April 28, 2006

AN IDEAL WAY TO FORCE INNOVATION:

White House wants to change mileage standards for passenger cars (AP, 4/27/06)

The Bush administration asked Congress on Thursday to give it the authority to change fuel economy standards for passenger cars amid rising gas prices and growing concerns about the nation's energy security.

Transportation Secretary Norman Mineta wrote House and Senate leaders asking for Congress to — for the first time — allow it to create a similar program it recently completed for pickups, sport-utility vehicles and vans.

"Along with other previously announced energy policies, the president believes these actions are critical to promoting our nation's energy security and independence," Mineta wrote.


Set higher standards and let automakers innovate ways to attain them.

Posted by Orrin Judd at April 28, 2006 7:35 AM
Comments

Another item the conservative base won't like. They have never liked CAFE standards and feel the market and consumers should decide.

Posted by: AWW at April 28, 2006 7:45 AM

The market will decide. Governments set the conditions under which markets function.

Posted by: oj at April 28, 2006 7:52 AM

I understand that. My point is that the GOP base is (rightly or wrongly) ticked off at Bush and Congress and that every little move not to their liking adds to the pile.

Posted by: AWW at April 28, 2006 8:29 AM

When *isn't* the GOP base ticked off about something? Honestly, they've been more fickle than the average woman over the last six years. Bush should just keep doing what he's been doing and the base should stop expecting the world to revolve around them.

Posted by: Bryan at April 28, 2006 8:40 AM

No. Jack up gas taxes and let manufacturers and customers figure out the best way to adjust.
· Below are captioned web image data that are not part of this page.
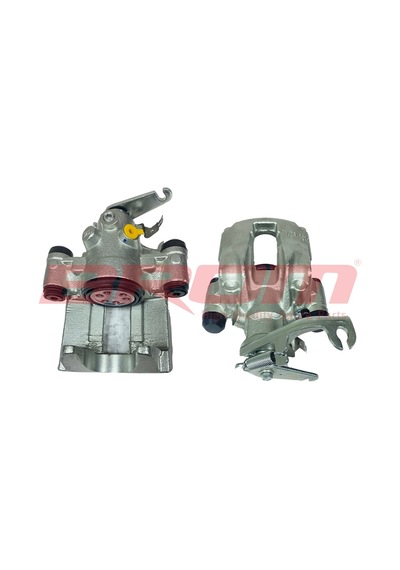 Brom F35094 Fren Kalıperı Arka Sağ Iveco Daıly 35c17 35c11 35c13 S13 S15 52mm 42554778-504360795 -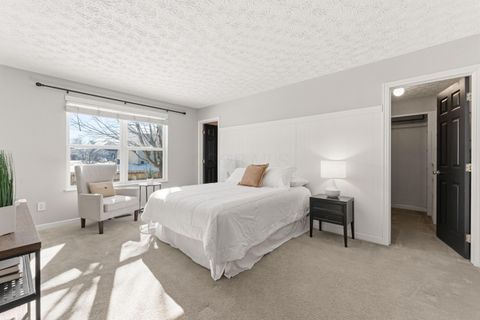 Tiny photo for 8569 Robbins Loop Drive, Reynoldsburg, OH 43068 (MLS # 226003066)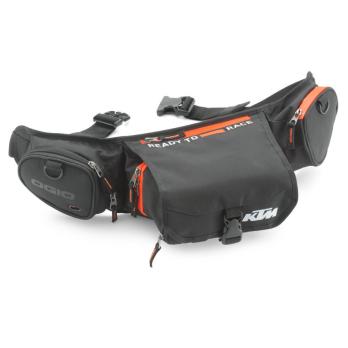 PURE COMP BELT BAG 3PW240030900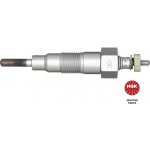 Žhavící svíčka NGK Y-402-2 – Hledejceny.cz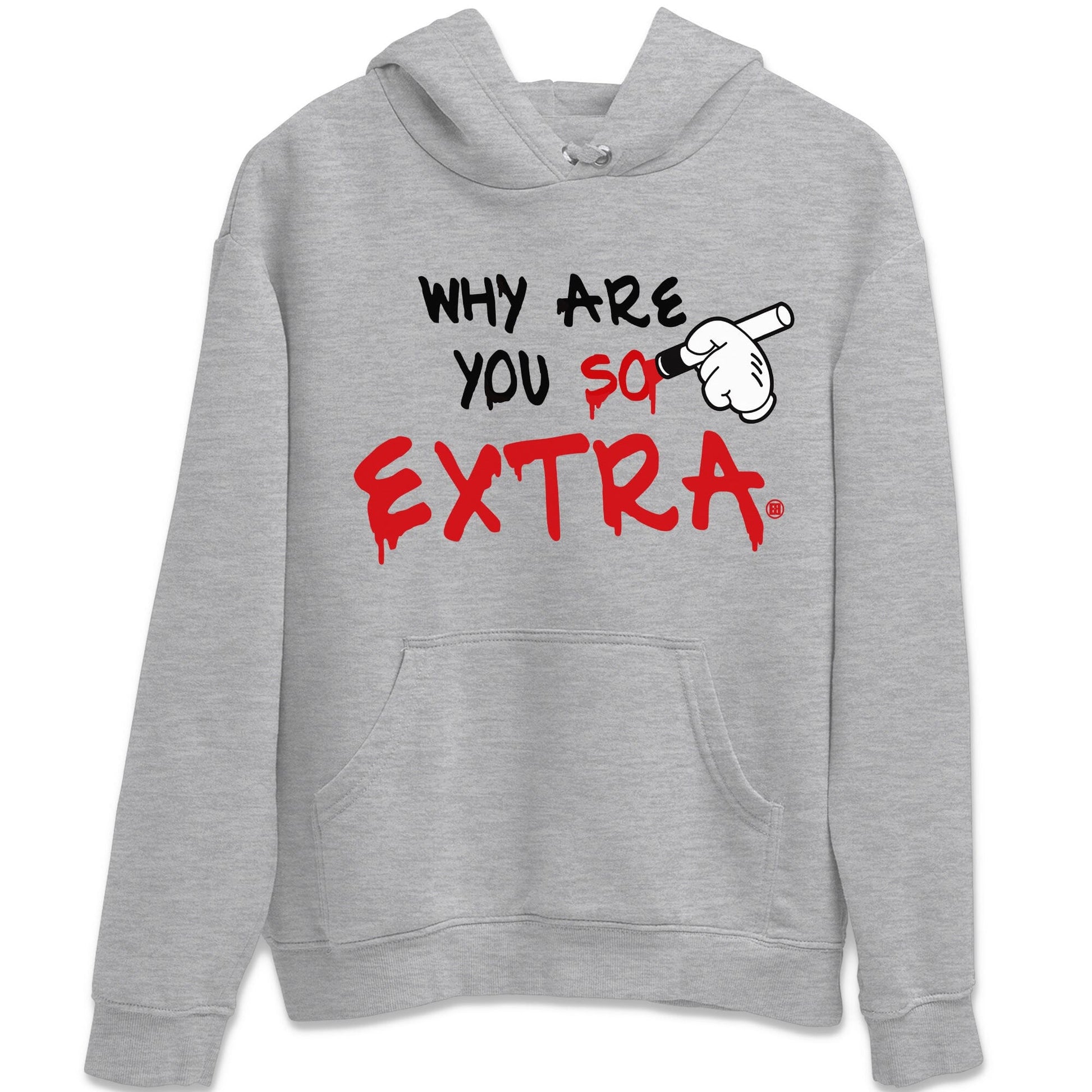 Jordan 5 Fire Red Sneaker Match Tees Why Are You So Extra Sneaker Tees Jordan 5 Fire Red Sneaker Release Tees Unisex Shirts
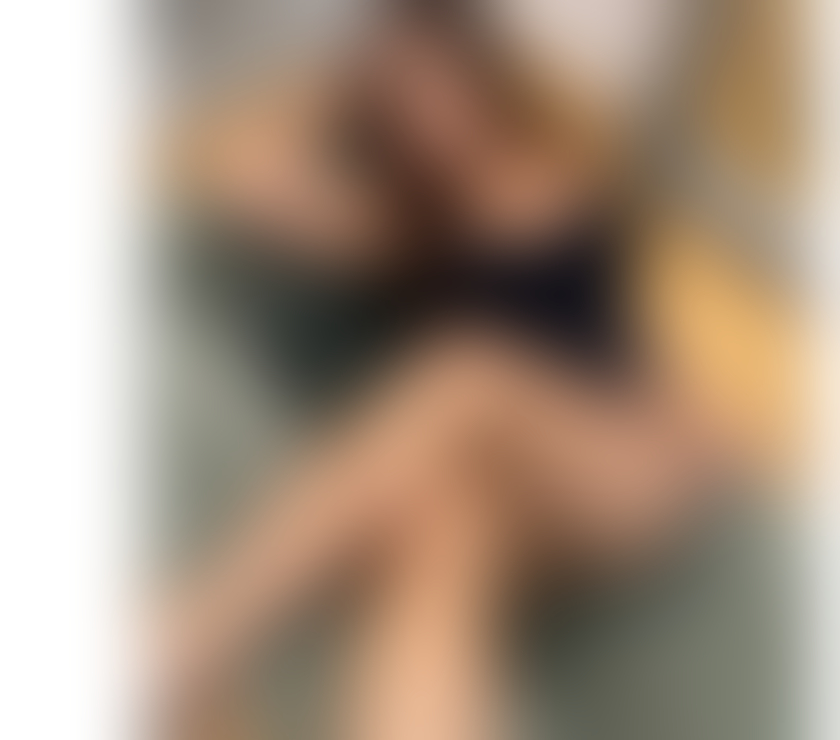Escorts Nottinghamshire Nottingham - Photos for NEW GIRL ♥️ALICE ♥️PERFECT🔥 BRAZILIAN🇧🇷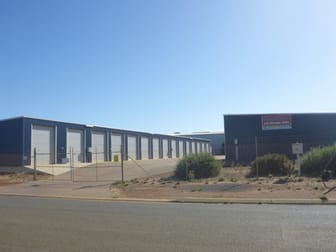 Shed 33/753 Berrigan Street Chadwick WA 6450 - Image 1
CAFE just makes the product mix optimization problem for manufacturers more tightly constrained.

Posted by: JAB at April 28, 2006 9:04 AM

JAB:

Taxes and straightforward mileage requirements.

Posted by: oj at April 28, 2006 10:48 AM

Bryan:

As the moved into the Beltway they developed a belief that they are the epicenter of existence.

Posted by: oj at April 28, 2006 10:59 AM

Heck, OJ, the cars aren't the problem, the trains are. Get the regulations that killed the rails lifted and let the good times roll.

Posted by: Robert Mitchell Jr. at April 28, 2006 11:39 AM

It wasn't regs, just the highway boondoggle.

Posted by: oj at April 28, 2006 11:43 AM

Thanks for your thoughts, OJ. It's my understanding that it was the goverment's regs that made the trucking industry viable when they required the train companies to charge their customers based on the value of what was being transported. I'm not aware of this regulation ever being repealed, which would explain why rails are used to transport cheap stuff, like coal.

Posted by: Robert Mitchell Jr. at April 28, 2006 1:12 PM

Robert:

Had Ike and the military not put in the highway system the trains would still rule.

Posted by: oj at April 28, 2006 2:28 PM

OJ & Bryan,

If your base stays home and you lose one of the houses, you get to spend the next 2 years fighting subpoenas.

Where is the percentage in that?

The fact is the JAB is dead on. Let the prices take care of the innovation. CAFE standard are a perfect example of bad legislation.

You can only ignore your base up to a point before it falls out from under you.

Posted by: Bruno at April 28, 2006 6:40 PM

Bruno:

No one's staying home because of CAFE.